If you have a Costco nearby their Nature's Domain is either Salmon or Turkey with Sweet Potato. Some locations were part of the Diamond recall, though not in our area at the moment. We feed the Turkey sweet potato to Chloe with no problems. And it's relatively inexpensive.


----------



## Max's Dad (Apr 23, 2012)

We also use Costco/Kirkland brand. We use chicken/rice for large breed. They also have a Lamb product. Not sure about grain content. They also have a Senior formula that is lower in calories. We have been happy with their products. A 40 pound bag is about half the cost of BB or Eukanuba. I believe Diamond is the manufacturer.


----------



## shortcake23 (Aug 15, 2008)

We don't have a COSTCO membership 
Maybe should get one... But I'd rather stay away from the Diamond products with all the recalls....


----------



## shortcake23 (Aug 15, 2008)

goldenjackpuppy said:


> If you have a Costco nearby their Nature's Domain is either Salmon or Turkey with Sweet Potato. Some locations were part of the Diamond recall, though not in our area at the moment. We feed the Turkey sweet potato to Chloe with no problems. And it's relatively inexpensive.


This one looks good: Nature's Domain Pet Food | Nature's Domain Turkey Meal & Sweet Potato Formula for Dogs

Wonder if it's part of the recall where I live (Ottawa, ON, Canada)?

Anyone have experience with this food?

I like that's it's got no grain, low in cals and no chicken (although if a dog is allergic to chicken, would turkey be too "close" to that?)


----------



## WasChampionFan (Mar 31, 2012)

shortcake23 said:


> Is there any "cheap" (or cheaper than Blue Buffalo or Acana) good dog food (kibble) that's also grain-free, chicken-free and low in calories?
> 
> I'm looking for this for my foster dog.. We can't afford to feed the super expensive food as we also have our girl that's on grain-free, chicken-free, low in cal food!
> 
> Any ideas (other than going raw)?


NUTRAM a Canadian company makes really good foods maybe there is a well-priced GF in the product line without chicken. Others are Nutrisource and Earthborn.


----------



## shortcake23 (Aug 15, 2008)

WasChampionFan said:


> NUTRAM a Canadian company makes really good foods maybe there is a well-priced GF in the product line without chicken. Others are Nutrisource and Earthborn.
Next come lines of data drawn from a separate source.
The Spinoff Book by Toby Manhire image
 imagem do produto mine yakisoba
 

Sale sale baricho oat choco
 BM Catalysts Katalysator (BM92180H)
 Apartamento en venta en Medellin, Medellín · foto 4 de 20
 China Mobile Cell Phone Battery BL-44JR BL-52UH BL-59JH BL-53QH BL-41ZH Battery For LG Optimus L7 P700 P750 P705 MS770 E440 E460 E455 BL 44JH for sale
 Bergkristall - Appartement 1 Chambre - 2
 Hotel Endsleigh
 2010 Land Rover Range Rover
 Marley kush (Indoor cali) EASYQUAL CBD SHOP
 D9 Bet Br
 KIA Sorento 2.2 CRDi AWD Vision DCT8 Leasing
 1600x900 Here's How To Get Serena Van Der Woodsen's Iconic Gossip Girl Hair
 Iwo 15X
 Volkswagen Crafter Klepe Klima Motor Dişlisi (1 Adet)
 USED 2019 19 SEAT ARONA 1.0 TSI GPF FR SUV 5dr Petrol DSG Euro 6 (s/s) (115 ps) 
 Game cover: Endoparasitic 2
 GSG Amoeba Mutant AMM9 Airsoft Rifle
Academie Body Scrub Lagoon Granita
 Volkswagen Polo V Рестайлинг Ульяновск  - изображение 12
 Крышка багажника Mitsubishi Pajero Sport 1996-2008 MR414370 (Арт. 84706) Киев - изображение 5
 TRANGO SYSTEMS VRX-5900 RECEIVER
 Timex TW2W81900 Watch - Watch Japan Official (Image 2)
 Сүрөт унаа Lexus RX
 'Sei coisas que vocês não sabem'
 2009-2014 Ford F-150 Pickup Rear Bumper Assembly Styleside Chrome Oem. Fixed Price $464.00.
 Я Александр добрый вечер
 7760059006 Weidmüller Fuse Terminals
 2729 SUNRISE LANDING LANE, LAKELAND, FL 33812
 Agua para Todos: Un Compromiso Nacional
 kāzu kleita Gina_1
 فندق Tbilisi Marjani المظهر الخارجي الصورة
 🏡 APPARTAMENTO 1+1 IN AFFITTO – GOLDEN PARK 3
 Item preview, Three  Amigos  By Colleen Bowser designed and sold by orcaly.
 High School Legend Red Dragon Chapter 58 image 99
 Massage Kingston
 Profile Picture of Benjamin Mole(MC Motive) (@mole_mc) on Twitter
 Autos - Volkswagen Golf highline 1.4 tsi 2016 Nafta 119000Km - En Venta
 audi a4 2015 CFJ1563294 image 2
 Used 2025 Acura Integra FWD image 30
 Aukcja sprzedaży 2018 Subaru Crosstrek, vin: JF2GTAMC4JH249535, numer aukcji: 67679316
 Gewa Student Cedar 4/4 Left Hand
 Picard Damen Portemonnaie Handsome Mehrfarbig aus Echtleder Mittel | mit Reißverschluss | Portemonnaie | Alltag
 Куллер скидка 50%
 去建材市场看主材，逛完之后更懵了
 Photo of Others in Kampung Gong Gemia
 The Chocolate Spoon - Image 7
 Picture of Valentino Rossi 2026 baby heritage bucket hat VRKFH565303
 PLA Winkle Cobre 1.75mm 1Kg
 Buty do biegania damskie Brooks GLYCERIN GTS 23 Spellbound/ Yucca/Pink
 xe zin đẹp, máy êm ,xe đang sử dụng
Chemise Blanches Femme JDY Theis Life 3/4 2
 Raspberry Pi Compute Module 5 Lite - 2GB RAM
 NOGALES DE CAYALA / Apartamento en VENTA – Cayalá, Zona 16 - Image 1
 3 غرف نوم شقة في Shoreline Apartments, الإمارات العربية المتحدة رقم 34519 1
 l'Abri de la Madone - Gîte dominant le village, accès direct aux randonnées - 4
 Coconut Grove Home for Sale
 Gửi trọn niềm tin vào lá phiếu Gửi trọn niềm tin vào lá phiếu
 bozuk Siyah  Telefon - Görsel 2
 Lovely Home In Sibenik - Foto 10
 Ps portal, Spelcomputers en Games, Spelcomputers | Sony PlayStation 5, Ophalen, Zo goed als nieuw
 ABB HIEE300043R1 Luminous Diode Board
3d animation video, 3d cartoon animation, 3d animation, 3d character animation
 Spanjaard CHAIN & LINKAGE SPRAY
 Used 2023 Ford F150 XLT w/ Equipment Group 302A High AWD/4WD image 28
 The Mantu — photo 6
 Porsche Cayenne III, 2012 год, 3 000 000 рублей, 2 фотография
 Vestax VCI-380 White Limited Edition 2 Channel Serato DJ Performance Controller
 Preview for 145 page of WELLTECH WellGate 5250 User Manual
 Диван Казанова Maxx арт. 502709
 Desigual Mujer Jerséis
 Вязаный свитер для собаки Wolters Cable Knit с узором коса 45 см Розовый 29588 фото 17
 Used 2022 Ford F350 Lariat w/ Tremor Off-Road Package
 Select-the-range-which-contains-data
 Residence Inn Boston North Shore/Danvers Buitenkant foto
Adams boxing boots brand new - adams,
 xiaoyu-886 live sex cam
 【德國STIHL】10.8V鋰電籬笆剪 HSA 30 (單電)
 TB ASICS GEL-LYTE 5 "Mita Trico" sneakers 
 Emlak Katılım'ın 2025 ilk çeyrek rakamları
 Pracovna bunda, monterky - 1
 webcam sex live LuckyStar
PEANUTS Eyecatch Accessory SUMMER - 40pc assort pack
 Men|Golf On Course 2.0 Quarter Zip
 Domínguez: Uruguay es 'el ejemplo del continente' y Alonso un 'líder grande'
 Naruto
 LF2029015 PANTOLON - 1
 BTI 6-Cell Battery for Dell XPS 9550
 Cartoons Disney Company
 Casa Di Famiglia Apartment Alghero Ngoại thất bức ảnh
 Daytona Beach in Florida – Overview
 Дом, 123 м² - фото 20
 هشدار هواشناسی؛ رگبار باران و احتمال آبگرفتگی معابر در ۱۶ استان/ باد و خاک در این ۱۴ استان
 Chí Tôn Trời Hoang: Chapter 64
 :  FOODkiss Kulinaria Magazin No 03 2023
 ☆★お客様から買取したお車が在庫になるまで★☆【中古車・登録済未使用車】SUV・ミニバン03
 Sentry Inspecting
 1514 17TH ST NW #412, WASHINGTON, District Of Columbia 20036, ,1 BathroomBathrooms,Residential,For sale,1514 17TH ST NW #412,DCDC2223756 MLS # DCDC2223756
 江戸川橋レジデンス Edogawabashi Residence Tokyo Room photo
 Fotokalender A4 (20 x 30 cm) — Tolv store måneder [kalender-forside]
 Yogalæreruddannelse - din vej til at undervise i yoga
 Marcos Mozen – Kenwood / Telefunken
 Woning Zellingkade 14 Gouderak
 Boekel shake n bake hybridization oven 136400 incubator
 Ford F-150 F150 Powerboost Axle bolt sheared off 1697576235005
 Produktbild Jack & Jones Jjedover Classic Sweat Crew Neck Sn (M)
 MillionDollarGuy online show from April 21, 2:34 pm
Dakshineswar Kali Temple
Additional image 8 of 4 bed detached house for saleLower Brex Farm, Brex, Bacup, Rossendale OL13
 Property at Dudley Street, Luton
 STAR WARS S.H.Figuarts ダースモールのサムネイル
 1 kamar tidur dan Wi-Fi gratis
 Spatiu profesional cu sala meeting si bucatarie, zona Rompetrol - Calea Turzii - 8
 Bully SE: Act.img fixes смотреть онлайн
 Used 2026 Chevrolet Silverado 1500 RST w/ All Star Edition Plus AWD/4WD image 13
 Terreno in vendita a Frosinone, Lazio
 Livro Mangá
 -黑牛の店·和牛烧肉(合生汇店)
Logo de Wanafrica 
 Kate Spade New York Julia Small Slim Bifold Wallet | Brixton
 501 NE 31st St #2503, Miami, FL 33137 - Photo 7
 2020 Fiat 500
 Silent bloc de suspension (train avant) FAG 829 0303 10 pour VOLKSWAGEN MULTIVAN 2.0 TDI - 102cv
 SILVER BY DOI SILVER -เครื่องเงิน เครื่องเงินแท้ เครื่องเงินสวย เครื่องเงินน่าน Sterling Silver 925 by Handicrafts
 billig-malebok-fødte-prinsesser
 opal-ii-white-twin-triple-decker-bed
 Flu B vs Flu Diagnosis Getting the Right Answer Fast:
Never heard of them. I'll check those out, thanks!


----------



## Megora (Jun 7, 2010)

Is there a reason why it has to be chicken free or grain free? Does the dog have allergies?

All dog food companies are now making "grain free" kibble. 

Off the top of my head Nutro Natural Choice makes a grain free that comes in various formulas (fish, venison, lamb, etc). 

Nature's Recipe is another one. And like Nutro NC, the grain free comes in various formulas. 

Neither will be "Cheap", but cheaper than Acana anyway.


----------



## shortcake23 (Aug 15, 2008)

Megora said:


> Is there a reason why it has to be chicken free or grain free? Does the dog have allergies?
> 
> All dog food companies are now making "grain free" kibble.
> 
> ...


Yes, the vet strongly suspects our foster has skin allergies (he scratches all the time and bites at his fur), he has two hot spots and had fleas. He came to us like that, a week ago today.

Are the Nutro and Nature's Recipe affected by the recent recall?

The other issue I'm having is also finding one that's under 400 kcal / cup. Spencer (our foster) needs to lose 12-13 lbs...


----------



## Megora (Jun 7, 2010)

shortcake23 said:


> Are the Nutro and Nature's Recipe affected by the recent recall?


Nope. 

Those kibbles still have some chicken in them, though not the main ingredients. Then again, if the dog had fleas, the allergies and skin condition likely were caused by that and not the food. 

[/QUOTE] The other issue I'm having is also finding one that's under 400 kcal / cup. Spencer (our foster) needs to lose 12-13 lbs...[/QUOTE]

How much are you feeding him? Our vet mainly suggests portion control and exercise vs limiting calories.


----------



## Tailer'sFolks (Feb 27, 2007)

Maybe these will help...

http://www.1800petmeds.com/pet_food_compare.


Dry Dog Food Reviews | Dog Food Advisor


Welcome to the Dog Food Recall Alert List


----------



## shortcake23 (Aug 15, 2008)

Tailer'sFolks said:


> http://www.1800petmeds.com/pet_food_compare.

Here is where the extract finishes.